Buna karşın re’sen araştırına ilkesinin uygulandığı kamu düzenine ilişkin hallerde mahkeme, kamu düzeni düşüncesi ile talepten fazlaya da karar verebilir. (Prof. Dr. Baki Kuru, Hukuk Muhakemeleri Usulü Altıncı Baskı, 2001 C: 3 s: 3081 vd.)

3402 sayılı Kadastro Yasası’nın 30. maddesi gerçek hak sahibinin araştırılıp belirlenmesini üç hal ile sınırlamıştır.
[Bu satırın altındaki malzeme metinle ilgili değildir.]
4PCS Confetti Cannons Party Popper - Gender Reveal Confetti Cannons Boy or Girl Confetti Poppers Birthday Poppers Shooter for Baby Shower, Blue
Bu haller kadastro komisyonlarından gönderilen tutanaklar ile yerel mahkemelerden devredilen dosyaların içeriğinden malik tespitinin yapılmadığı veya dava açan mirasçı dışında başka mirasçıların bulunduğunun anlaşılmasıdır.

Dava mirasçılar tarafından üçüncü şahsa karşı açılmışsa ve hâkim davayı açan mirasçı dışında başka mirasçılar olduğunu tespit ederse 3402 Sayılı Yasa’nın 30/2 maddesindeki kuralı uygulayarak re’sen delilleri toplayıp o mirasçılar yönünden de karar verecektir. Buna karşın dava ortak miras bırakanın mirasçıları arasında ise bu halde sadece davacının payı yönünden hüküm kurmak gerekir. Yargıtay’ın yerleşik uygulaması bu yöndedir.

Bu bilgilerin ışığında somut olaya baktığımızda, dava ortak miras bırakanının mirasçıları arasında olup, mirasçılardan Nahide (Nihal) dava dışındadır. Dava, muris Hüseyin evladı Bahriye ve Sadık’tan olma torunları Hilmi ve Şahin ile davalılar Talip’ten olma torunları Talip’in eşi arasında görülmektedir.

Mahkeme, 103 ada 23 parsel dışındaki bozma kısmına uyduğundan bu kısma ilişkin bir uyuşmazlık bulunmamaktadır.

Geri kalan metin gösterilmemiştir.